> _Exercise instructions_:
Restate word for word the lines of the entries below, starting with the line that holds "Betz 12 asciugamani" and ending with the line that holds "Sticky oven barbecue", and no others.

(Short descriptive text snippets)

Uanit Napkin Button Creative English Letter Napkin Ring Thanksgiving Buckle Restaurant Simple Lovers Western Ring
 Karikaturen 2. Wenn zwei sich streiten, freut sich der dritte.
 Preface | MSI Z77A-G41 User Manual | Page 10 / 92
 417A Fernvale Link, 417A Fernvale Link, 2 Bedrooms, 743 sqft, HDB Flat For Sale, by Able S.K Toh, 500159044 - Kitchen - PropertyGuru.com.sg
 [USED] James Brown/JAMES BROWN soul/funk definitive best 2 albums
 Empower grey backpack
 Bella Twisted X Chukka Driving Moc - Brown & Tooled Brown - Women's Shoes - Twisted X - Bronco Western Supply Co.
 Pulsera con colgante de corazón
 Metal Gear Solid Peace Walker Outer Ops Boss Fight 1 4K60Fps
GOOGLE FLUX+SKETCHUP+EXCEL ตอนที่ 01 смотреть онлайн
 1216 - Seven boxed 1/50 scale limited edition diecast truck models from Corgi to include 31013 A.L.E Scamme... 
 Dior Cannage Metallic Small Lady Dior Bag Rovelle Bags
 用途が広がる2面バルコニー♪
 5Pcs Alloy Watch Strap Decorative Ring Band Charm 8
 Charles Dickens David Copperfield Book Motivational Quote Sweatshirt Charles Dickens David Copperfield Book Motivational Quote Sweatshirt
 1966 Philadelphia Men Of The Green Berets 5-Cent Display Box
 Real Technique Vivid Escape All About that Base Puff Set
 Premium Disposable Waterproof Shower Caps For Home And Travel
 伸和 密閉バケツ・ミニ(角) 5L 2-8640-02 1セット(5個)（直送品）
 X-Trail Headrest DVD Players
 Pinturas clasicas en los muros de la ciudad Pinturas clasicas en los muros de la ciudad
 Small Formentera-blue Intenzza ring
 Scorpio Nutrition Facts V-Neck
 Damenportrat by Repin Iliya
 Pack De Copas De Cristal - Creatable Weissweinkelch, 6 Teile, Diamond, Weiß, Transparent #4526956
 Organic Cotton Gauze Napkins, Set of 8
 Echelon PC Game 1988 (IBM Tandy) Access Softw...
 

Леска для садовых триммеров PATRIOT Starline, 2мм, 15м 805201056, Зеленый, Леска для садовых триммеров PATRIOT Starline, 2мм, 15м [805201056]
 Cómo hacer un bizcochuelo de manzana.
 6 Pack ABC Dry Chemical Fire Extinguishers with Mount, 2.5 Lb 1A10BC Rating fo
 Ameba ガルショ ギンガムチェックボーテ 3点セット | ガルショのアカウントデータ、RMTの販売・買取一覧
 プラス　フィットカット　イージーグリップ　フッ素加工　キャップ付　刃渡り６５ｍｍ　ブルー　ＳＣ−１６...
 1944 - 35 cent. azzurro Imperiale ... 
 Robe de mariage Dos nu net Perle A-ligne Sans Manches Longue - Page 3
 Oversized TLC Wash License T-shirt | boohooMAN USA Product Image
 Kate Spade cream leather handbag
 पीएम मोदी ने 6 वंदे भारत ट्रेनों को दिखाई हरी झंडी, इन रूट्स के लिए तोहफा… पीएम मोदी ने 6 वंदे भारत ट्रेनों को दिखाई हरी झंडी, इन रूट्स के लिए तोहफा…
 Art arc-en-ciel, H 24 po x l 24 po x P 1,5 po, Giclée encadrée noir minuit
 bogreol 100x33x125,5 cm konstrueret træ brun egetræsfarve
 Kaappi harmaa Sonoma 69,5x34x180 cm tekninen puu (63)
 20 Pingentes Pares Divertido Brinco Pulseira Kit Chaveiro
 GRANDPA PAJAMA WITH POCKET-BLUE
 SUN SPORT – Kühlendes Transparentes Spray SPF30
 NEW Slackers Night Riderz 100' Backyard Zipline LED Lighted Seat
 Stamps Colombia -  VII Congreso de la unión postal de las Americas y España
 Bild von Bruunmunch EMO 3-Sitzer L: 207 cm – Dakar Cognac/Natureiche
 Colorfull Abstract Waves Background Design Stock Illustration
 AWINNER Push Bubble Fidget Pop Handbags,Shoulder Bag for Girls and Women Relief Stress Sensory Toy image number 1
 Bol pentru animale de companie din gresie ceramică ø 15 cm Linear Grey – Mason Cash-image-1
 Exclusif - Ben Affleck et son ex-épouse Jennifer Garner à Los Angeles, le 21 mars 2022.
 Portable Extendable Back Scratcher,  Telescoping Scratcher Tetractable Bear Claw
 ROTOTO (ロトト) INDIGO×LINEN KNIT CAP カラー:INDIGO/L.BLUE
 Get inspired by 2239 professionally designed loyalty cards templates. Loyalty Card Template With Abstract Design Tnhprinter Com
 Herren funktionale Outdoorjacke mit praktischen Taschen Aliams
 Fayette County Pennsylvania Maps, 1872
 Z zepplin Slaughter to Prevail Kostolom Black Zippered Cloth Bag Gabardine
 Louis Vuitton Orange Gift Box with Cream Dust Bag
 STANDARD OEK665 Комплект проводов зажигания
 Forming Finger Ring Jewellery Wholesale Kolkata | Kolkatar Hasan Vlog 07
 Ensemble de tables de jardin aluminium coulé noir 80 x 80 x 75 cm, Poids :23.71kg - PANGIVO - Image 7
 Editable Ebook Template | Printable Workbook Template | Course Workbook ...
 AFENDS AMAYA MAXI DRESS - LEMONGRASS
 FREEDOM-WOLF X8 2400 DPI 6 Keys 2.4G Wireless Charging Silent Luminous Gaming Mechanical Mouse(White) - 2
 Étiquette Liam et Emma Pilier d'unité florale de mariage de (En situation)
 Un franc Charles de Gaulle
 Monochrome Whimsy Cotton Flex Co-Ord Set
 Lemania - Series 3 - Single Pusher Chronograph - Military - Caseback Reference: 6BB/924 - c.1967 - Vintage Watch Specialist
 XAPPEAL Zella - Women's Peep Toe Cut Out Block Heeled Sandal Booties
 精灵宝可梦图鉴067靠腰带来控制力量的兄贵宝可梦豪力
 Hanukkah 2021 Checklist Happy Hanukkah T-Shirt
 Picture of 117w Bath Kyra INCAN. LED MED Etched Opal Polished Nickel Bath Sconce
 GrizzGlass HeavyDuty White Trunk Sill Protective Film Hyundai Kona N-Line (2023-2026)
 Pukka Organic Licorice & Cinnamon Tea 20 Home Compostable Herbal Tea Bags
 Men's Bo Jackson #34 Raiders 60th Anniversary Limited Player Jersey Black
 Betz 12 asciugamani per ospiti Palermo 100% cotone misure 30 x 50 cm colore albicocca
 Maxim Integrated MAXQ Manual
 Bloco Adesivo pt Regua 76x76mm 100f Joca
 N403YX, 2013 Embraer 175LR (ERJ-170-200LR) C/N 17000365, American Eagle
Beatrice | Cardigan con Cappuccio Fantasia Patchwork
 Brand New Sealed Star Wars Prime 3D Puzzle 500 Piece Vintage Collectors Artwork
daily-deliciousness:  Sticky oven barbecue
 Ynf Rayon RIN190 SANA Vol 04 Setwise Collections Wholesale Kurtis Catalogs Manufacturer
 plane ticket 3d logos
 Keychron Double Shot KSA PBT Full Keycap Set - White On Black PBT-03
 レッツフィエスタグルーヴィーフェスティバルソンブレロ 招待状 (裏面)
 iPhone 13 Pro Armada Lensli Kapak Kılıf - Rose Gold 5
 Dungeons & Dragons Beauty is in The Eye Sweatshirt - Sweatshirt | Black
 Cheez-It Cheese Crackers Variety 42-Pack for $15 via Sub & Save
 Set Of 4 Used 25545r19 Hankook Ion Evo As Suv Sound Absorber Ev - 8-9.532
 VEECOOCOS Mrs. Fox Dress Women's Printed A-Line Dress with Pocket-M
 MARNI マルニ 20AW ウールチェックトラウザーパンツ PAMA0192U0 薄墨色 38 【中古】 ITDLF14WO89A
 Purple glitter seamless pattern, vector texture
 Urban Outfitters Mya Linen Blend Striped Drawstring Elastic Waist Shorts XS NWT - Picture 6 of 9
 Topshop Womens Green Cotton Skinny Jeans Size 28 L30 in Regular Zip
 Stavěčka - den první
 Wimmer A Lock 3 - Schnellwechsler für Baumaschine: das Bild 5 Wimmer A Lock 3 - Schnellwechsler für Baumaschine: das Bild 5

> _Response area_:
 Betz 12 asciugamani per ospiti Palermo 100% cotone misure 30 x 50 cm colore albicocca
 Maxim Integrated MAXQ Manual
 Bloco Adesivo pt Regua 76x76mm 100f Joca
 N403YX, 2013 Embraer 175LR (ERJ-170-200LR) C/N 17000365, American Eagle
Beatrice | Cardigan con Cappuccio Fantasia Patchwork
 Brand New Sealed Star Wars Prime 3D Puzzle 500 Piece Vintage Collectors Artwork
daily-deliciousness:  Sticky oven barbecue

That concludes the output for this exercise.